Title: The Ant and the Trap: Evolution of Ant-Inspired Obstacle Avoidance in a Multi-Agent Robotic System

Abstract:
Interest in swarm robotics has been increasing with each passing year. Research into use of biological systems as a model for swarm robotics has also increased steadily to date. In the creation of the iAnt robot we combined these two ideas and added the ability to evolved behaviors with a genetic algorithm. Although swarm robotics is still a loosely defined field one of the included hallmarks is multiple robots cooperating to complete a given task. The use of multiple robots means increased cost for research, scaling often linearly with the number of robots.

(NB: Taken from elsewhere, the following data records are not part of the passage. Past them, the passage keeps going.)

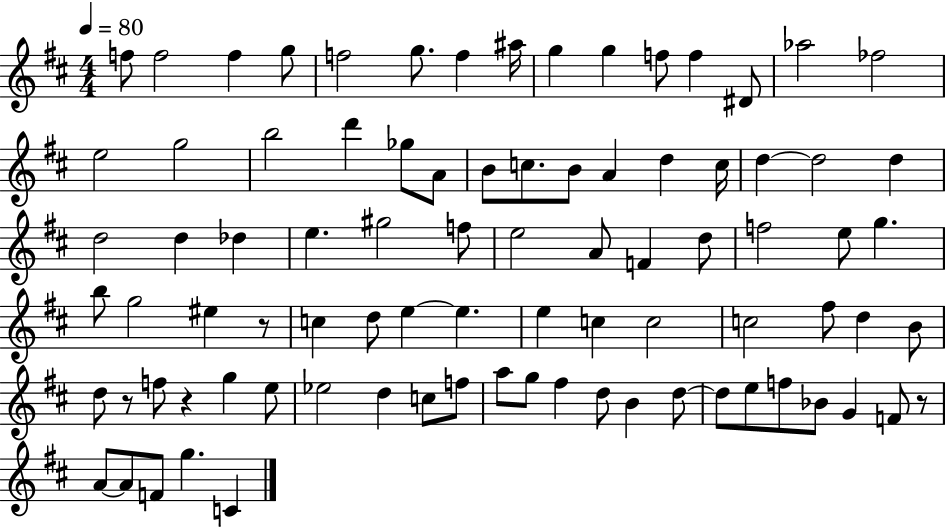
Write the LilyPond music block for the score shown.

{
  \clef treble
  \numericTimeSignature
  \time 4/4
  \key d \major
  \tempo 4 = 80
  f''8 f''2 f''4 g''8 | f''2 g''8. f''4 ais''16 | g''4 g''4 f''8 f''4 dis'8 | aes''2 fes''2 | \break e''2 g''2 | b''2 d'''4 ges''8 a'8 | b'8 c''8. b'8 a'4 d''4 c''16 | d''4~~ d''2 d''4 | \break d''2 d''4 des''4 | e''4. gis''2 f''8 | e''2 a'8 f'4 d''8 | f''2 e''8 g''4. | \break b''8 g''2 eis''4 r8 | c''4 d''8 e''4~~ e''4. | e''4 c''4 c''2 | c''2 fis''8 d''4 b'8 | \break d''8 r8 f''8 r4 g''4 e''8 | ees''2 d''4 c''8 f''8 | a''8 g''8 fis''4 d''8 b'4 d''8~~ | d''8 e''8 f''8 bes'8 g'4 f'8 r8 | \break a'8~~ a'8 f'8 g''4. c'4 | \bar "|."
} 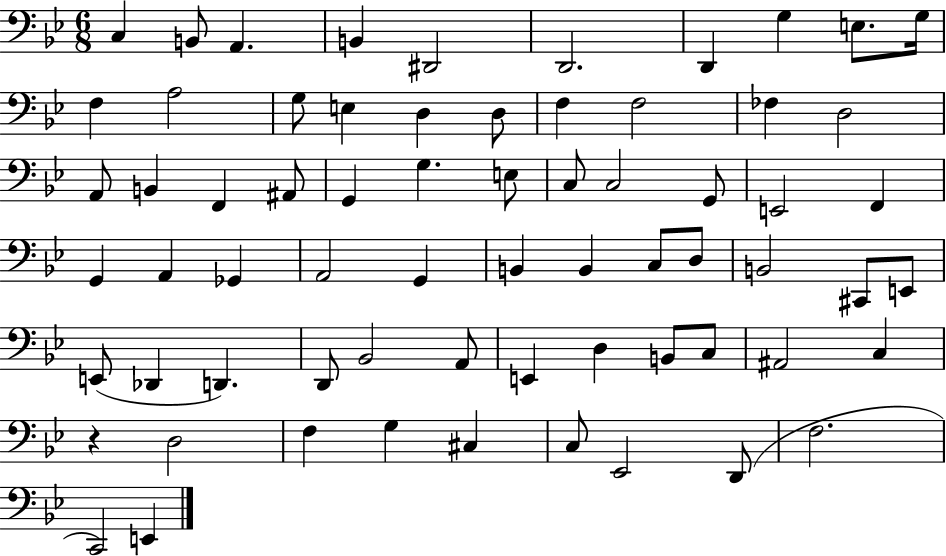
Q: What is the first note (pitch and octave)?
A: C3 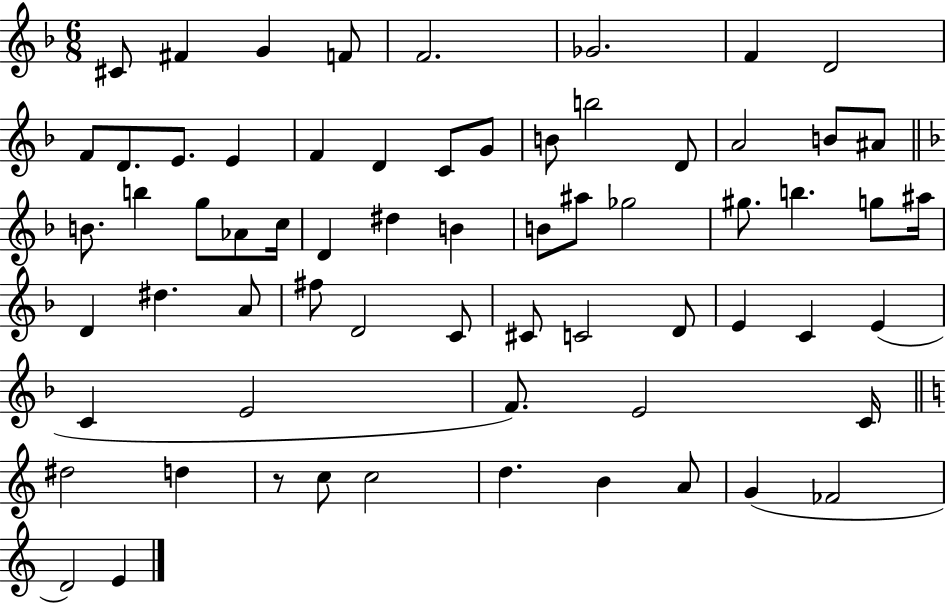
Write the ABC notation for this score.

X:1
T:Untitled
M:6/8
L:1/4
K:F
^C/2 ^F G F/2 F2 _G2 F D2 F/2 D/2 E/2 E F D C/2 G/2 B/2 b2 D/2 A2 B/2 ^A/2 B/2 b g/2 _A/2 c/4 D ^d B B/2 ^a/2 _g2 ^g/2 b g/2 ^a/4 D ^d A/2 ^f/2 D2 C/2 ^C/2 C2 D/2 E C E C E2 F/2 E2 C/4 ^d2 d z/2 c/2 c2 d B A/2 G _F2 D2 E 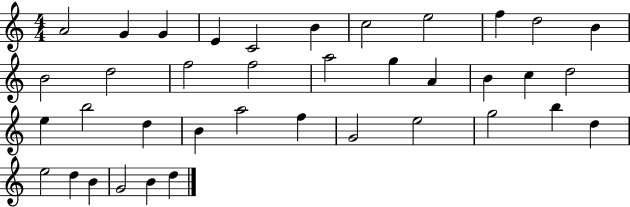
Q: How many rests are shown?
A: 0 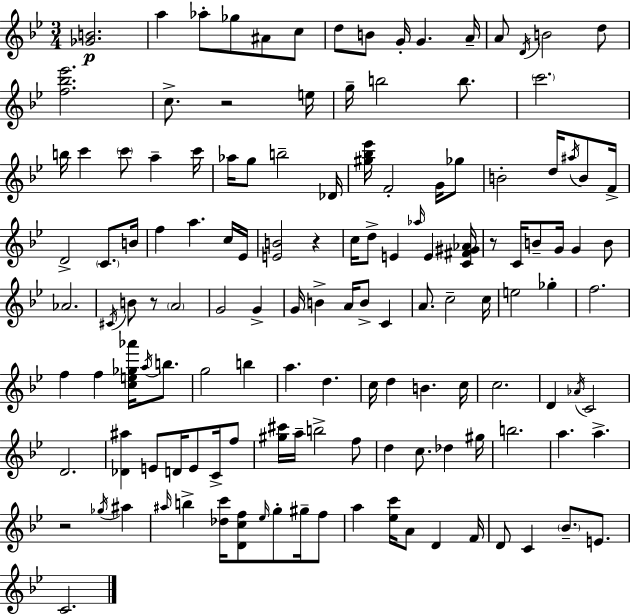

We set out to create a system with the previously described capabilities while lowering the entry cost by building simple, cheap robots able to operate outside of a dedicated lab environment. Obstacle avoidance has long been a necessary component of robot systems. Avoiding collisions is also a difficult problem and has been studied for many years. As part of moving the iAnt further and further into the real-world we eventually had to incorporate a method of obstacle avoidance. Our hypothesis is that use of biological methods including evolution, stochastic movments and stygmergic trails into the iAnt Central Place Foraging Algorithm (CPFA) could result in robot behaviors suited to navigating obstacle-filled environments. The result is a modification of the CPFA to include pheromone trails, CPFA-Trails or CPFAT. This thesis first demonstrates the low-cost, simple and robust design of the physical iAnt robot. Secondly we will demonstrate the adaptability of the the system to evolve and succeed in an obstacle-laden environment.